Kloeppel: Zumindest nicht zum Arbeiten.

ZEIT CAMPUS: Wie kamen Sie dann auf das Fach?

Kloeppel: Der Vater eines Freundes war Agrarwissenschaftler, ich fand das spannend.

ZEIT CAMPUS: Haben Sie auch als Bauer gearbeitet?

Kloeppel: Ich habe direkt nach dem Abitur mein erstes Praktikum auf einem Hof in Nordhessen absolviert. Am ersten Tag habe ich Trecker fahren gelernt, am zweiten Tag mit dem Trecker im Dorf einen Zaun kaputt gemacht. Ich wusste nicht, dass man beim Fahren mit Anhänger einen weiten Bogen in der Kurve machen muss. Es war trotzdem nicht mein letztes Praktikum.

ZEIT CAMPUS: Sie sind dennoch nicht Landwirt geworden, sondern Journalist. Warum?

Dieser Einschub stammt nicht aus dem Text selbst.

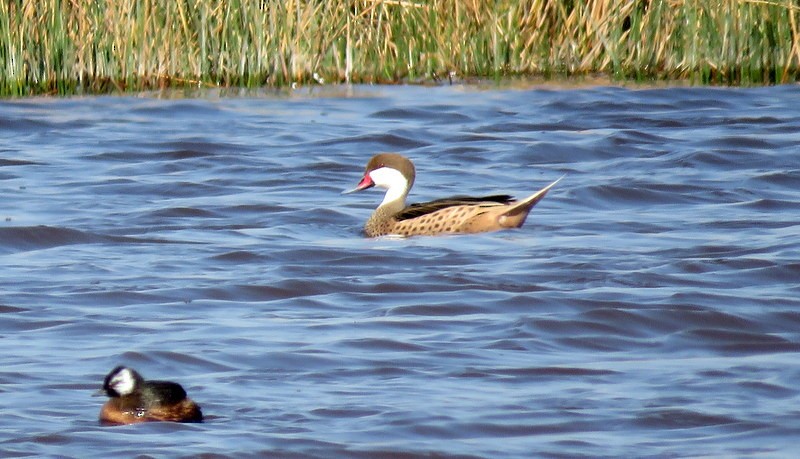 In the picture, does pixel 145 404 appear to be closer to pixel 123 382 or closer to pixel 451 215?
pixel 123 382

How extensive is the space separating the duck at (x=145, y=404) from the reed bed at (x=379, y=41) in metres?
8.01

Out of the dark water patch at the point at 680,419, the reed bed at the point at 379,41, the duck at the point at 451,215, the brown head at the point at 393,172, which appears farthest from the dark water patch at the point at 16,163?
the dark water patch at the point at 680,419

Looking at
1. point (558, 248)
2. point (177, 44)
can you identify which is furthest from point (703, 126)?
point (558, 248)

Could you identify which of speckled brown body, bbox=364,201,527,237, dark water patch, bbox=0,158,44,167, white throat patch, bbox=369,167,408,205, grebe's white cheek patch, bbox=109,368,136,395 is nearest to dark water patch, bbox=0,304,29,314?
grebe's white cheek patch, bbox=109,368,136,395

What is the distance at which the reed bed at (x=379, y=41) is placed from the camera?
1313cm

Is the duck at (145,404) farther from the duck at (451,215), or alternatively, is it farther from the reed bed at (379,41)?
the reed bed at (379,41)

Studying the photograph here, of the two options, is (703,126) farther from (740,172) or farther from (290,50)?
(290,50)

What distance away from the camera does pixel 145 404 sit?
16.4 ft

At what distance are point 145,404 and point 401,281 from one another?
2706 millimetres

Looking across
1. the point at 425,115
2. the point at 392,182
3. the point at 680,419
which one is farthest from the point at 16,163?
the point at 680,419

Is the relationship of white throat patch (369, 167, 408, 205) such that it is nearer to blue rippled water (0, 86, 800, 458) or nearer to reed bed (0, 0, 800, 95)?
blue rippled water (0, 86, 800, 458)

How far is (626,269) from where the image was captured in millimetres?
7754

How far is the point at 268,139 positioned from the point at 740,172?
12.0 ft

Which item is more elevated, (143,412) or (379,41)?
(379,41) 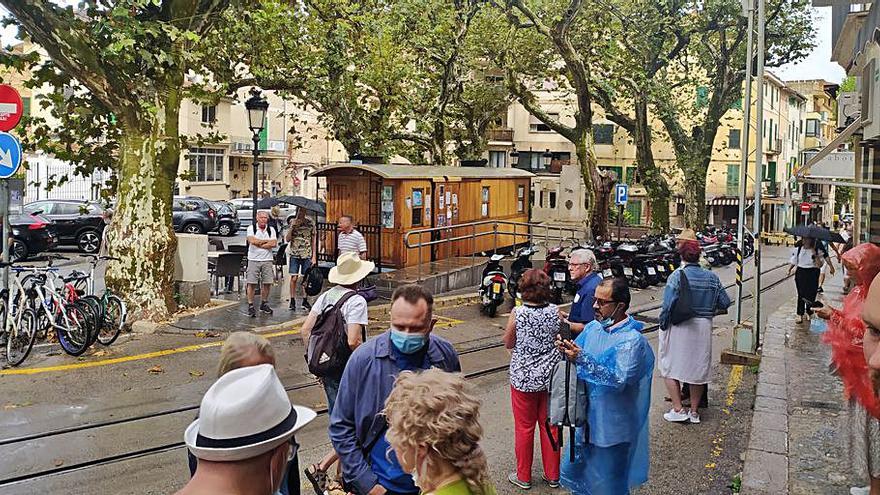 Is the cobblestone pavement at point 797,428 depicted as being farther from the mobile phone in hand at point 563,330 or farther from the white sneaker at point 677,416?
the mobile phone in hand at point 563,330

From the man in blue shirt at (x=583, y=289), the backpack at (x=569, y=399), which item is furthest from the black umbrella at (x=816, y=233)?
the backpack at (x=569, y=399)

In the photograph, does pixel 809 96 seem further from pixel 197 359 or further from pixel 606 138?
pixel 197 359

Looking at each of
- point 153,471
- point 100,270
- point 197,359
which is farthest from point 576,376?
point 100,270

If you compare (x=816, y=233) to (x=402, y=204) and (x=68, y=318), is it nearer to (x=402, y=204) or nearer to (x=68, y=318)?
(x=402, y=204)

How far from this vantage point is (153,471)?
667cm

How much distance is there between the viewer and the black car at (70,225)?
25438 mm

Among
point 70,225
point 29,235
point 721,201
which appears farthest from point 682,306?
point 721,201

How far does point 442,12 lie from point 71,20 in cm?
1307

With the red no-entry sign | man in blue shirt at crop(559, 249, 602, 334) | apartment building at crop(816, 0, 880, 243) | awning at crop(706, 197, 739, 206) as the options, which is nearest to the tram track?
man in blue shirt at crop(559, 249, 602, 334)

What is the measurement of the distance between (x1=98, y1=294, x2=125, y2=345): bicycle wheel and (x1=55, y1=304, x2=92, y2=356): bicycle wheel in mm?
547

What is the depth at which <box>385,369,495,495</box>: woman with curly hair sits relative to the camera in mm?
2924

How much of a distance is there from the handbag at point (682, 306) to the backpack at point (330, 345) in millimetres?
3766

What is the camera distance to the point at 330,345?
5.71 meters

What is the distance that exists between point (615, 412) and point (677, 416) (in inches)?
124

Kloeppel: Es gibt für Landwirte keinen Samstag und Sonntag, und wenn sie mal für eine Woche in den Urlaub fahren können, dann ist das schon viel. Ich war aber gern unterwegs, weg von der eigenen Scholle. Ich habe auch gern geschrieben, gern Sachen erklärt, gern Dinge herausgefunden. Deswegen schien mir Agrarjournalismus eine Alternative zu sein.

Natürlich gab es Momente bei "Ich bin ein Star - holt mich hier raus!", in denen ich dachte: Muss das sein?

ZEIT CAMPUS: An der Journalistenschule in Hamburg müssen Sie ein ziemlicher Exot gewesen sein.

Kloeppel: Ja, aber wahrscheinlich bin ich genau deswegen genommen worden. Anfang der Achtziger wurden Umweltthemen wichtig, die Auswahljury hat sich wohl gedacht, es könne nicht schaden, einen Bauern zu haben, der sich damit auskennt. Meine Mitschüler waren meist Germanisten oder Politologen. Die haben sich nicht mehr eingekriegt, als ich ihnen einmal die künstliche Besamung von Schweinen erklärt habe.

ZEIT CAMPUS: Wie geht das denn?

Kloeppel: Erst mal braucht man natürlich eine Sau, die »in der Rausche« ist, also in der fruchtbaren Phase ihres Zyklus. Das kann man als Landwirt gut erkennen: Sie brummt vor sich hin, steht stocksteif da und will sich nicht bewegen. In dem Moment muss man einen Eber bei der Hand haben oder den Samen eines Ebers – aber das wollen Sie doch nicht ernsthaft wissen, oder?

ZEIT CAMPUS: Warum nicht?

Kloeppel: Um es kurz zu machen: Man nimmt eine Pipette, der Samen wird eingeführt, fertig.

ZEIT CAMPUS: Können Sie auch ein Rind zerlegen?

Kloeppel: Ich habe gelernt, ein Huhn zu schlachten. Ein ganzes Rind würde ich mir nicht zutrauen.

ZEIT CAMPUS: Was kann man in der Landwirtschaft fürs Leben lernen?

Kloeppel: Man lernt, Geduld zu haben: Man kann nicht nach dem Säen gleich wieder ernten, man muss eine Saison lang hart dafür arbeiten. Die Landwirtschaft lehrt einen auch Pragmatismus und Demut: Man muss lernen, damit zu leben, dass man sich größte Mühe geben kann, alles richtig macht und einem trotzdem ein Hagelsturm die Ernte eines ganzen Jahres zerstört.